**Exercise directions**
Strip the pictures, then copy the remaining data exactly as it stands.
═══ Records for this exercise
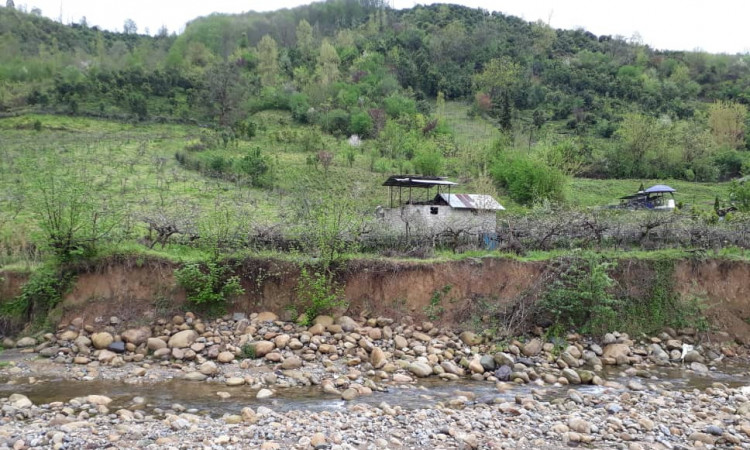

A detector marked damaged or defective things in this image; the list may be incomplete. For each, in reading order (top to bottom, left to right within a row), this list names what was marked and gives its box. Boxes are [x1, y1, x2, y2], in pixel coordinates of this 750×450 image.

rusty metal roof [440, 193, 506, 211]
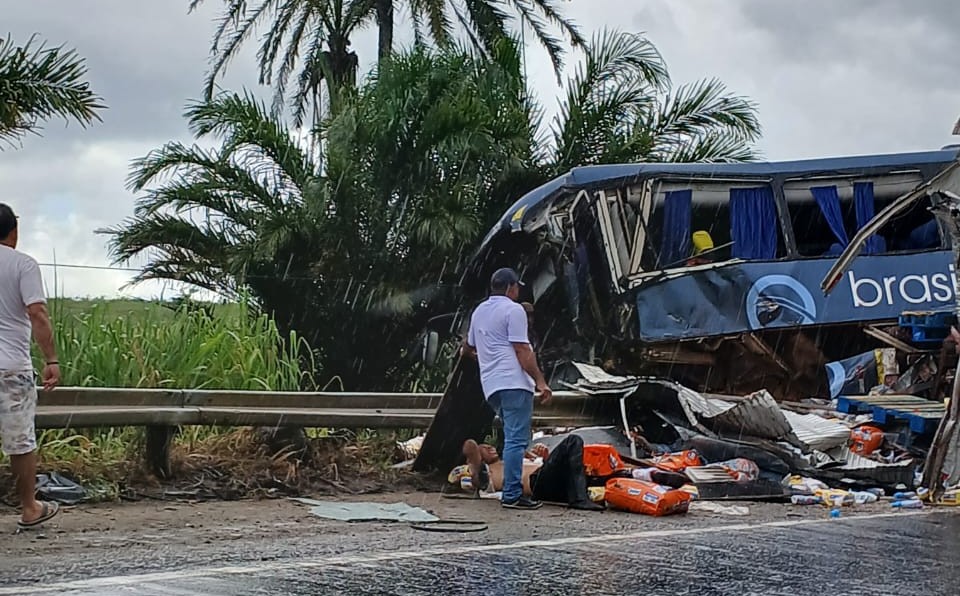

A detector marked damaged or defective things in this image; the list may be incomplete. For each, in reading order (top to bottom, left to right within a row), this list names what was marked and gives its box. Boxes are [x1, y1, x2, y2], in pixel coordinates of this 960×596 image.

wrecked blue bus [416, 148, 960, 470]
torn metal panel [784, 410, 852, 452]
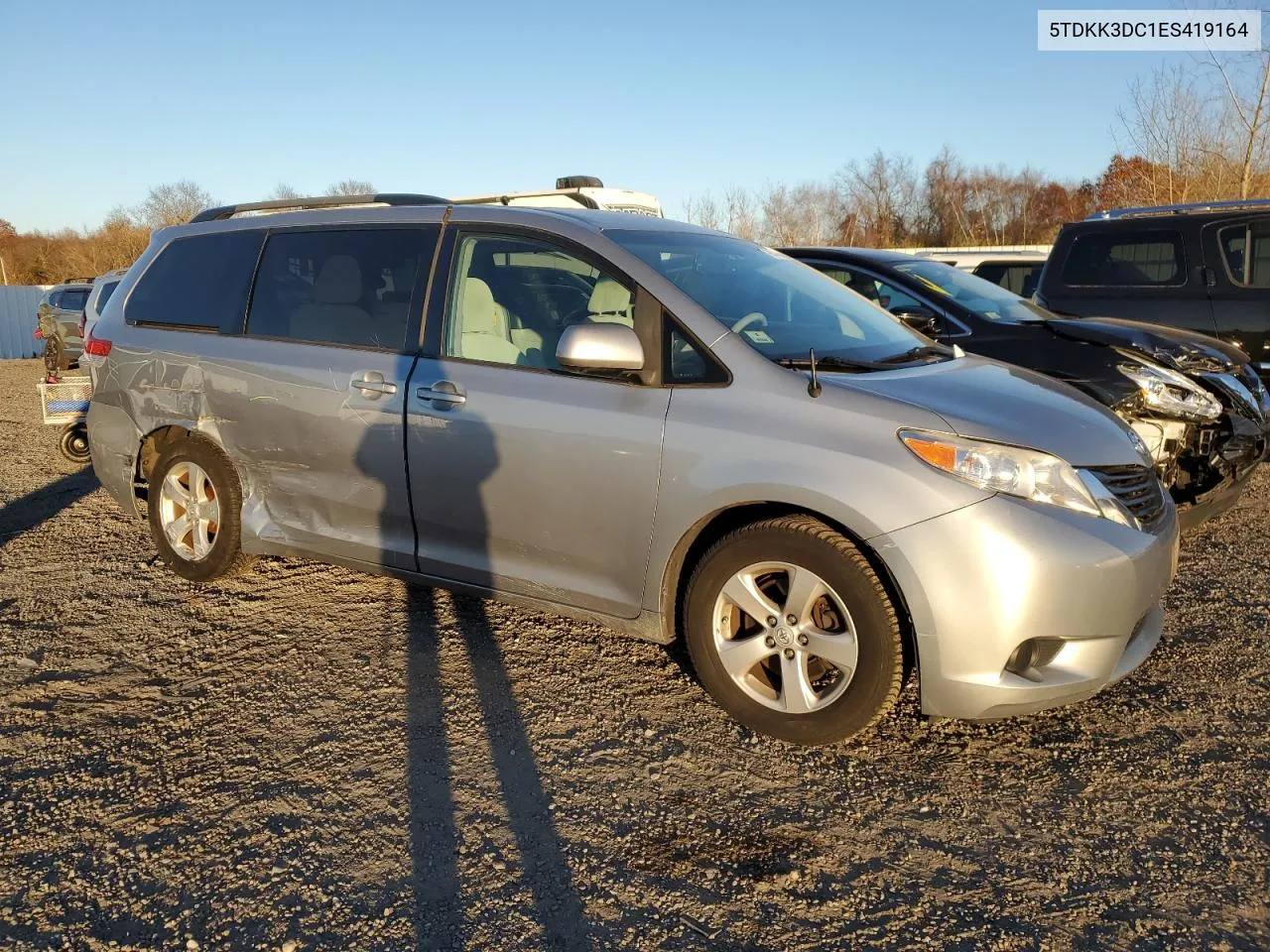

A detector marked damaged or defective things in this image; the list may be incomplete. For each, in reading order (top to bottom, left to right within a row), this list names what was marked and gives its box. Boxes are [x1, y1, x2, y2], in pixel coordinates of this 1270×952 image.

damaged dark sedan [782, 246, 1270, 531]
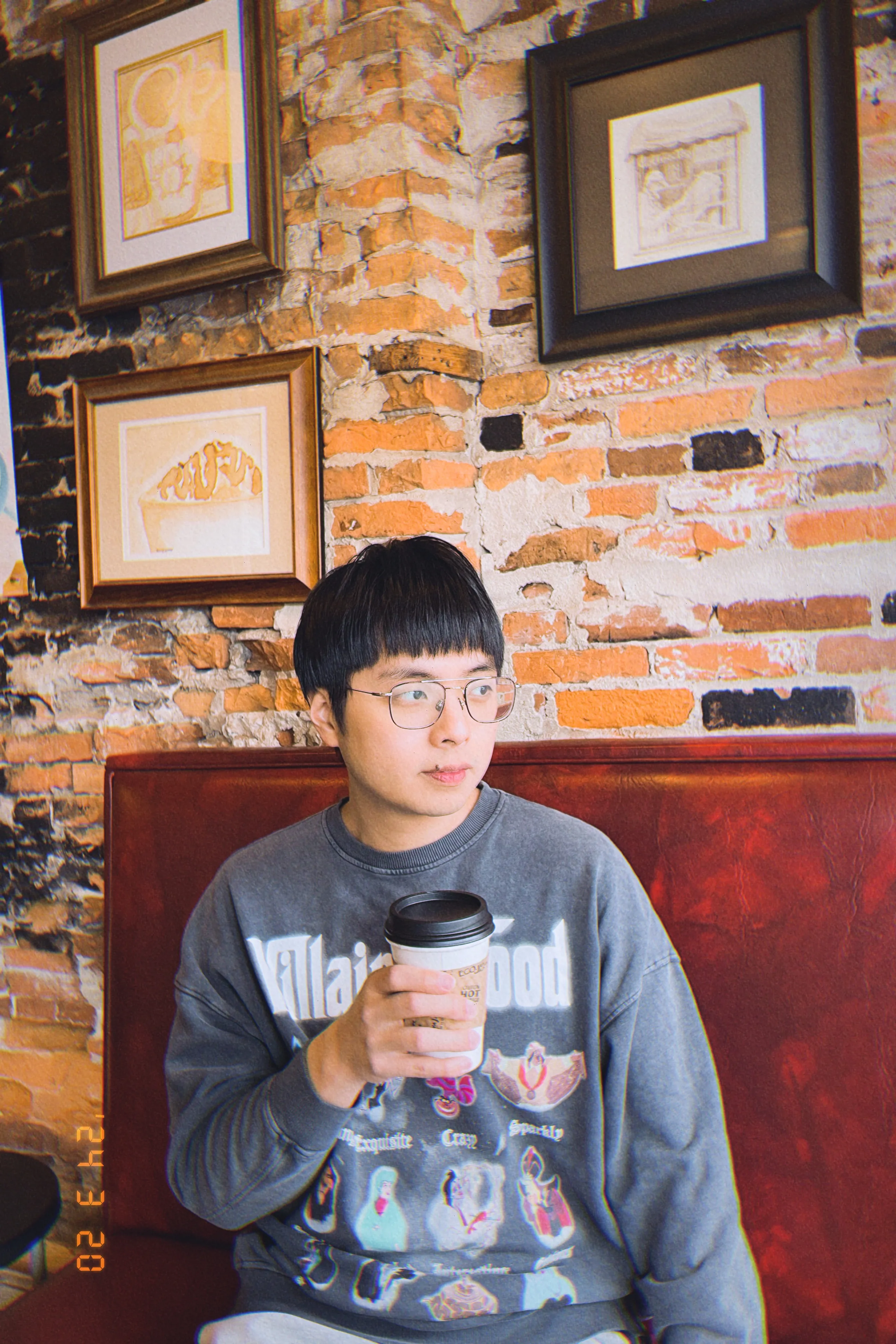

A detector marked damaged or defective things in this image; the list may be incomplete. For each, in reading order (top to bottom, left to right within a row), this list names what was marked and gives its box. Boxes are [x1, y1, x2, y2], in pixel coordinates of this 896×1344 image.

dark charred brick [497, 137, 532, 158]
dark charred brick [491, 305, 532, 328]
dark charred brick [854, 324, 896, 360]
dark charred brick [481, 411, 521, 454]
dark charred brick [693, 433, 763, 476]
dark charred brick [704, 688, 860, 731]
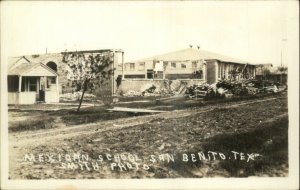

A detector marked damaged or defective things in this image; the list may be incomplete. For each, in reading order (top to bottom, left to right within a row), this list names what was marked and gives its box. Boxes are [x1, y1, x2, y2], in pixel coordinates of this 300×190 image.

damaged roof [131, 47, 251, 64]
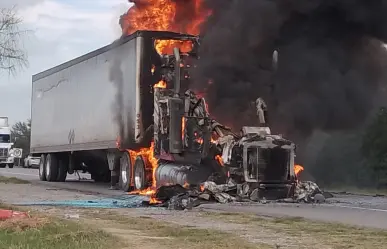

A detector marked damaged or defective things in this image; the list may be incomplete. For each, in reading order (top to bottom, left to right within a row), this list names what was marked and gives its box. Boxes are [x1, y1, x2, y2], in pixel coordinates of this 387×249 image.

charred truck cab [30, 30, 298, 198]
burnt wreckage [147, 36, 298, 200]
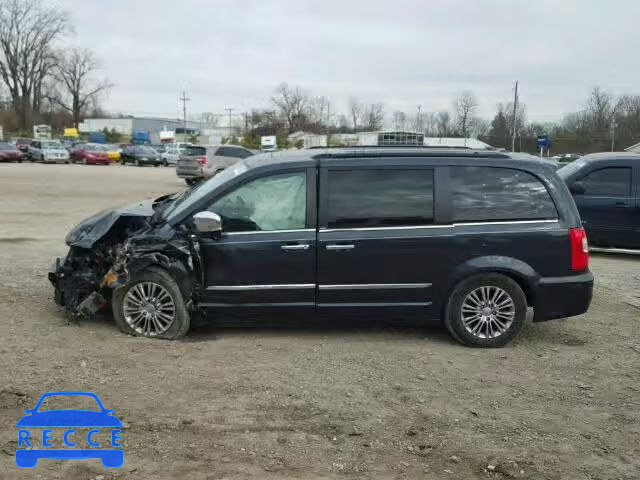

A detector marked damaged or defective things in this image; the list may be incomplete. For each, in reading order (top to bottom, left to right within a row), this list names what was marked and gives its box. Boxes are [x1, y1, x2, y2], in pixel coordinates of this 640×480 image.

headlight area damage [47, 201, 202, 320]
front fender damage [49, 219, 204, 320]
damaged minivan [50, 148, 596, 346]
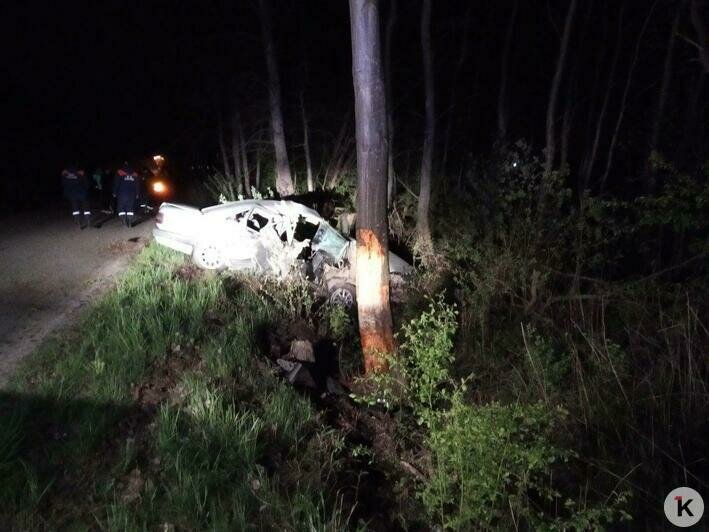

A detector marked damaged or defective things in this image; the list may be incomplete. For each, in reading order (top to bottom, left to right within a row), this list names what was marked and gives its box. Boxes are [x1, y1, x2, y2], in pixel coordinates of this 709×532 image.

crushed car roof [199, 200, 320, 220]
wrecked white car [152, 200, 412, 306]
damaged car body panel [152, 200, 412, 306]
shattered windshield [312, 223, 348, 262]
══════
**Task response**
A detector marked damaged or defective things in this image; the list may be incomplete. For each, in reading order (top to bottom, left to right within a row), this list names what was marked and gives its box. Boxes are [x1, y1, x2, y2], in pixel coordinates of this 750×450 image.

rusty metal roof [440, 193, 506, 211]

A detector marked damaged or defective things in this image; the list may be incomplete. For each, in reading order (top to bottom, left to right within a row), this list names what was marked and gives its box. Boxes are [x1, y1, x2, y2], in pixel coordinates of this 960×596 image.

wrecked blue bus [416, 148, 960, 470]
torn metal panel [784, 410, 852, 452]

A detector marked damaged or defective things in this image; the list may be incomplete. For each, in reading order (top to bottom, left to right within a row), this list names what was marked and gives its box. Boxes are [x1, y1, x2, y2], in pixel coordinates of this 1270×952 image.

damaged dark sedan [782, 246, 1270, 531]

A detector marked damaged or defective things in this image; the list may be incomplete. For each, in reading order (top to bottom, left to right within a row), this list names what was marked and gives its box. Boxes are [x1, y1, x2, y2], in pixel coordinates of this 896×1344 image.

dark charred brick [497, 137, 532, 158]
dark charred brick [491, 305, 532, 328]
dark charred brick [854, 324, 896, 360]
dark charred brick [481, 411, 521, 454]
dark charred brick [693, 433, 763, 476]
dark charred brick [704, 688, 860, 731]

A detector marked damaged or defective things in this image; the list may be incomplete. For each, in reading order (top to bottom, left to right within a row), this list names what was marked and gives its box. Boxes are [x1, y1, x2, y2], in pixel coordinates of this 300×190 image.

damaged roof [131, 47, 251, 64]

A detector marked damaged or defective things in this image; the list may be incomplete. For each, in reading order (top to bottom, left to right within a row), this list names what was marked and gives its box. Boxes are [x1, y1, x2, y2], in pixel coordinates of this 387×249 image.

charred truck cab [30, 30, 298, 198]
burnt wreckage [147, 36, 298, 200]

A detector marked damaged or defective things in this image; the list may be incomplete. For each, in reading order (top to bottom, left to right within a row), this list names what was marked and gives its box. Boxes are [x1, y1, x2, y2], in pixel coordinates of this 640×480 image.

headlight area damage [47, 201, 202, 320]
front fender damage [49, 219, 204, 320]
damaged minivan [50, 148, 596, 346]

A detector marked damaged or defective things in this image; the list may be incomplete. For each, in reading order (top to bottom, left to right within a row), this list names what was marked and gives its box. Boxes are [x1, y1, x2, y2], in pixel coordinates of this 709×532 image.

crushed car roof [199, 200, 320, 220]
wrecked white car [152, 200, 412, 306]
damaged car body panel [152, 200, 412, 306]
shattered windshield [312, 223, 348, 262]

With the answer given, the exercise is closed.